I’m fairly new to WordPress, but I’ve been writing all of my life. Whether as a nerdy kid writing about video games, or as a college writing student studying craft and “literature,” I’ve been at it for a while.
Running a blog has convinced me that serious writing is dying.
This isn’t a new complaint, by any means. Our parents have been complaining about how nobody reads any more as along as we’ve been alive. Which is both right and wrong. The real problem, these days, is that no one writes any more.
I am addicted to checking my WordPress stats. I’ve always liked metrics— numbers, trends, and graphs. They hold a weird appeal for me, especially since I studied liberal arts at university. I check my WordPress views multiple times a day. I get happy when they go up; sad when they stay stagnant; depressed when they go down. It’s similar to the way many people talk about their relationship with social media. I will manipulate and target the content I post in order to see those numbers go up. I do this, because at the back of mind, there’s the knowledge that if I get those numbers high enough, one day I will be able to get paid for writing thisisyouth.
It’s always been my dream to get paid to write, and currently I do. I am lucky enough to work two jobs where my duties consist primarily of writing. One job is for the news aggregator Inside— a fantastic job which allows me to stay informed and help others do the same amidst the hurry of the modern world. My other job title is “Content Writer.” The job consists of Search Engine Optimization.
SEO is a field full of snake-oil, entirely at the whim of Google’s search algorithm. An engineer changes one variable in how Google Search works, the entire SEO industry turns on its head. The first person to find their bearings again runs the industry, at least until the next change.
This industry exists for the same reason my statistics obsession does: because Google leads to clicks, and clicks mean money. This is where we run into our earlier issue: people don’t write. To be rephrased more clearly here:
People don’t write good content for the web because it is economically moronic.

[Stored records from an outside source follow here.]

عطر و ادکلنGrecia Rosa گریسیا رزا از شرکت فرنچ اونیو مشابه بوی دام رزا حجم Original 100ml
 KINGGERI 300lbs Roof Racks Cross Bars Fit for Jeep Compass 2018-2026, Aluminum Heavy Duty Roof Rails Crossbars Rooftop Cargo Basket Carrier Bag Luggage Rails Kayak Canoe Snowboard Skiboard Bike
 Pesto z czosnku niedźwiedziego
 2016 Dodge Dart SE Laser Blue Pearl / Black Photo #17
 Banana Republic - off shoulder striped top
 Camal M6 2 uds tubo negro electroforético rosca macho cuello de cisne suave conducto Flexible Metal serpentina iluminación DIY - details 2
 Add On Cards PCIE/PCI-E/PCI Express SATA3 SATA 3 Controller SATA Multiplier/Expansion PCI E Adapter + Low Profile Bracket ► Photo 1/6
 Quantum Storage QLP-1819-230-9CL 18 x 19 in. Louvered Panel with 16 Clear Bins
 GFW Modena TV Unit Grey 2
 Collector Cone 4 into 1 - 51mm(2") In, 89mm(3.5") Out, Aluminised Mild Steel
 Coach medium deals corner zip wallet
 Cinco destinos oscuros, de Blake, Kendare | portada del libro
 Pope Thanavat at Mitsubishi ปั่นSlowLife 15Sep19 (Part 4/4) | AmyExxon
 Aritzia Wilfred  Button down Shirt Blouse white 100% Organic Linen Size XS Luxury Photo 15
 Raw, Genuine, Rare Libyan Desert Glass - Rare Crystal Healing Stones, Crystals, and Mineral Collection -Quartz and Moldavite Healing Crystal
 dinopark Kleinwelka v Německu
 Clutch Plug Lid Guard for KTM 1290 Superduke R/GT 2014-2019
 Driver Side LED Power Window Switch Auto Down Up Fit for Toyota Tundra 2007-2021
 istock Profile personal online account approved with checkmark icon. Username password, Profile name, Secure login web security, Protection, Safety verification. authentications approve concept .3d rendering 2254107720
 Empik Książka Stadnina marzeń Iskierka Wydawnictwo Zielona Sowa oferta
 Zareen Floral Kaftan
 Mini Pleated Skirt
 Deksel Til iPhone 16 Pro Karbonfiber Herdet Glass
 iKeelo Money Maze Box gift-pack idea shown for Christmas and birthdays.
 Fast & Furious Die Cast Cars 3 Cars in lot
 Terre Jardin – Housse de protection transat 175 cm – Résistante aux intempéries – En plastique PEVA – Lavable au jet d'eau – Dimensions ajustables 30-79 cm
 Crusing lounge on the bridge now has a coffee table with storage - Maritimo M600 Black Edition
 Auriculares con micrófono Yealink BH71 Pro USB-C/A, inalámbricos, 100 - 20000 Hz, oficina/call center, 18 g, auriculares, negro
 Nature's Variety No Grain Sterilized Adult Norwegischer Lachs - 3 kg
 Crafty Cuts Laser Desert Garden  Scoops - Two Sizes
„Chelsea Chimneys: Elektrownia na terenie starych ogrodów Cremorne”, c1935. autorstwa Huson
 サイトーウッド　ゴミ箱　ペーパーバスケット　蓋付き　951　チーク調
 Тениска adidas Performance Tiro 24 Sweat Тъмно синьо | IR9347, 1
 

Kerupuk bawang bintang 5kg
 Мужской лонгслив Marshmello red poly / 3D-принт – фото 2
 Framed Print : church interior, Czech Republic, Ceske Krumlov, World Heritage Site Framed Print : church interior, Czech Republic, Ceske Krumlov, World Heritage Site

Take as an example this article on the current plight of The New Republic. (Also note the irony of the article explaining what killed the New Republic was its audience’s desire for pure hate, while the article itself uses a similarly brief and hateful tone).
The web, which is where the money is in writing these days, rejects longform and critical writing. Many outlets have tried it, and slowly, most of them have been spit back out, like a body rejecting a kidney. Our attention spans are too short.
This brings me back to Inside, my other job. Inside is a product I believe in, and a company I was excited to begin working for. Launched by Engadget founder and current Silicon Valley rich-man Jason Calacanis, Inside curates the best news from the best sources, summarizing the key facts in Tweetable, readable, 270 character updates. Within those updates, curators are asked to crunch down what are often thousand-word-long articles into a single 100-character lede. It needs to fit into a Tweet, see? The shorter the content, the simpler the message, the easier to spread. The clicks come easier.
Now Inside practices integrity with our stories— we actively reject clickbaiting titles and ledes, seeking to focus only on the facts. This is great. The product is, for the most part, quite solid. As a news hound, I use it often in my personal time. However, I really do think that working for Inside has damaged my ability to read critically and properly synthesize information.
I am now the world’s best scanner. When I am fully focused on work, I am one of the fastest curators on our team. I am paid on a contract rate, so my impetus is to summarize as many stories as I can, as quickly as I can. And my quality is high. But I do not have the time– or really the desire– to fully read articles. The small details, which are often the most important in understanding and reaching beyond the thesis of a piece, are not economic for me.
I make more money, but my understanding of the world suffers.
Which brings me to my third “job”: creative writing and blogging.
Here, I get a chance to stretch my sentences and feel the flex in my fingers, dancing under my own direction, to my own rules. Like all writers, I feel I have a book in me. It sits, misshapen and full of dreams, on my hard drive. I spend a morning on it, sometimes. A fire burns in my belly to tell this story. But at the back of my brain, where the spinal cord meets the squishy stuff, I feel the itch of my two “real” jobs.
They have taught me more than school ever did. They whisper to me ways to make money, the things I should do. “Reach 3-5 percent keyword density.” “Keep it simple, make it sharable.” “Limit your scope.” They taught me reality, while school taught me idealism. This is why so many college graduates come out lost and confused; disillusioned. Their university did not tell them the reality of the world. They never had those jobs to whisper into their ears. All these young people know is that they need money, and it’s hard to do that in the way you might want to.
All those thoughts my jobs have planted in me are very true; all things that would put me on my way to a nice bell curve on that stats page. They are all things that are killing my soul.
The entrepreneur has replaced the artist in me. The Atlantic, one of the last remaining online magazine outlets still standing against the crumbling of quality, would have you believe I’m not alone.
I bet that article doesn’t get too many clicks though.